Even with a limited view of context, looking only at the few verses immediately around the passage, several deeply significant spiritual lessons emerge. The first of these is that SIN HAS CONSEQUENCES. We see this laid out in Jeremiah 29:10. God tells the Jews that he is going to restore them to the promised land—but only after they spend 70 years in exile in Babylon.
Though this might seem cruel, it is 100 percent the Jews’ fault. God warned them repeatedly through the prophets that if they did not repent of their idolatry and greed, they would be taken into captivity. To these warnings, the Jews did not listen in the least little bit. They dared God to punish them, so He did.
Even in this, though, God’s purpose is instructive. By allowing them to experience the horrible consequences of turning their backs on Him, He is giving them one last chance to learn their lesson. Once they have learned it, He will return them to the land.
Our Father still teaches us this way today, just as we do the same for our children. Some parents, sad to say, are more concerned with their children’s happiness than their children’s character. Every time the kid fails or gets in trouble, there Mom and Dad are to rescue them from themselves and make it all better.
If you do that, though, you end up with a spoiled, selfish kid with no capacity for handling adversity. Instead, hard as it is, there are times when all parents have to let their kids fail, when we have to watch them suffer the consequences that come from doing what we told them not to do. Sometimes, misery is the only thing that will penetrate that thick skull!
So too for us, of course. God warns us repeatedly that sin is bad for us, that the devil hates us and wants to destroy us. Sometimes we listen to the warnings; sometimes we don’t. When we don’t, sooner or later, we will get a taste of how miserable sin is. Sometimes, as with the Jews, the consequences of our sin last for decades.
When God does this, though, when He teaches us through pain, we need to pay attention and mend our ways. If we don’t, we may prove to be beyond all help.
Second, if we want to experience God’s plan and hope and future, we need to remember that REPENTANCE COMES FIRST. This point appears in Jeremiah 29:12-13. God is going to listen to the Jews, but only if they call to Him and come and pray to Him. God will allow the Jews to find Him, but only if they seek for Him with their whole heart. He isn’t going to restore them to the land because the time limit has run out. He’s going to restore them to the land only once they come to terms with their spiritual failures.

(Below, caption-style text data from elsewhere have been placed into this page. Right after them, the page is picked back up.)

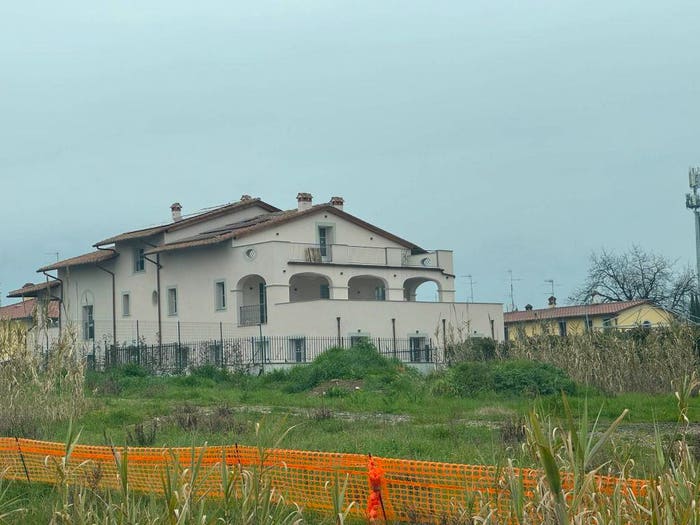 Casa quadrilocale in vendita in Via del Ragno, Fornacelle, Montemurlo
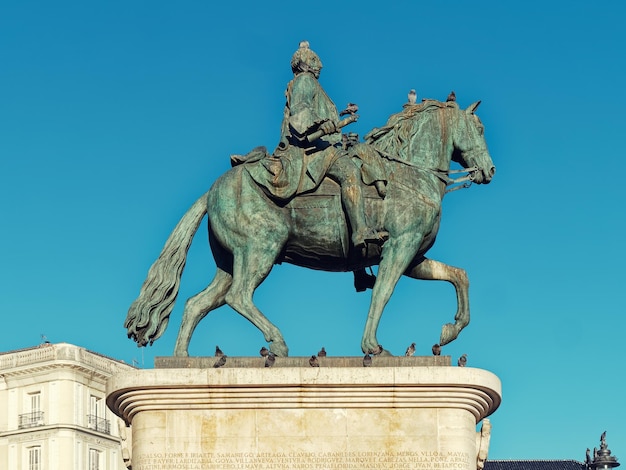 Foto vista a basso angolo della statua contro il cielo blu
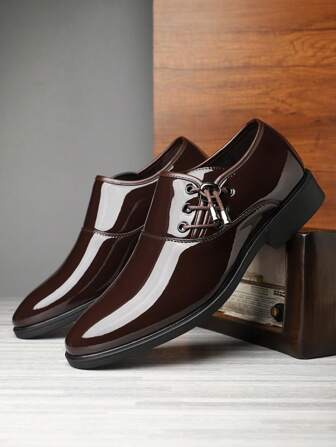 一雙新款男士英式正式商務休閒鞋，尖頭男鞋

Here’s where lots of people go wrong with Jeremiah 29:11. They like the thought that God has a plan for them, but they don’t realize that we have the plan in book form, and it’s called the Bible. They like the thought that they get to have God’s hope in their lives, but they don’t recognize that hope only comes from humbling themselves at the feet of Jesus. They like the warm fuzzy meme that doesn’t demand anything from them, but they refuse to see that if we want anything from God, we have to surrender everything first.
In short, if we want to take comfort from the fact that God has a plan for us, we’ve got to stop acting like we have a plan for God. He is not going to follow our plans. He is not concerned with our wealth or our earthly happiness. He is concerned with our holiness and obedience because he knows that those things are best for us.

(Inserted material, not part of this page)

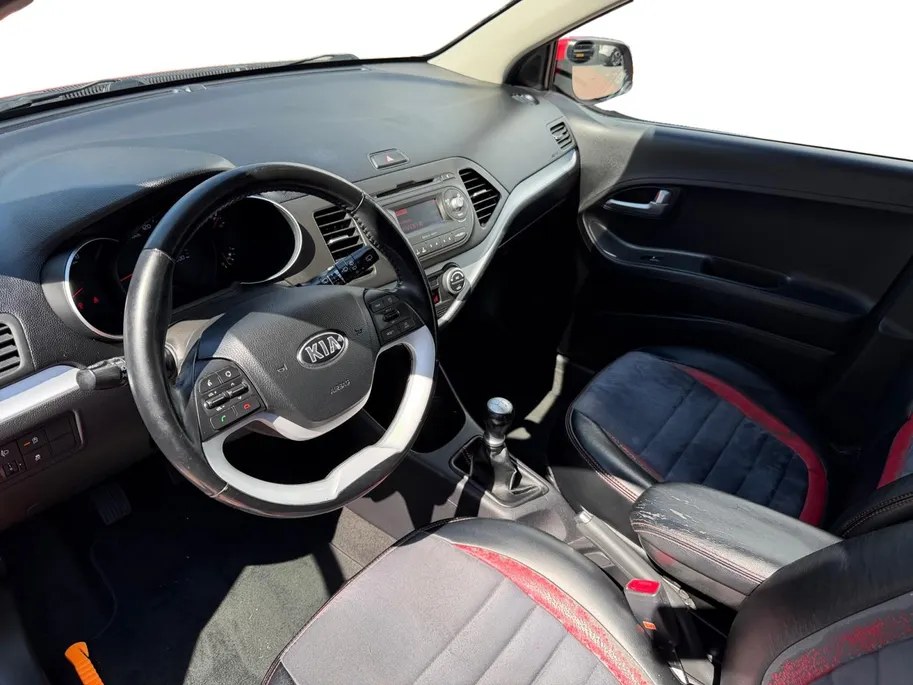 Kia Picanto 1.0 DynamicLine | Dealer onderhouden |Climate control & cruise control | Bluetooth | Lichtmetalen velgen | Metallic lak | Fabrieksgarantie | NAP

This week, then, let’s all of us ask ourselves a difficult question: “Where do I need to repent?” Where are we falling short from putting God’s plan to work in our lives? Where are we keeping ourselves from the fullness of the blessing He promises by stubbornly clinging to our sin? I guarantee you, that question has an answer for every person in this room. When we are willing to confront the spiritual ugliness in our own hearts, His work of restoration can begin.
Finally, though, we see that GOD WILL DELIVER. Let’s read Jeremiah 29:14 together. Look at the promises here: “I will be found.” “I will gather.” “I will restore.” This is all the more impressive in its historical context. If you glance at the beginning of the chapter, you’ll see that Jeremiah wrote this during the reign of King Zedekiah, the last king of Judah, after Jeconiah, the previous king, and many of the nobles and artisans of the land already had been carried captive.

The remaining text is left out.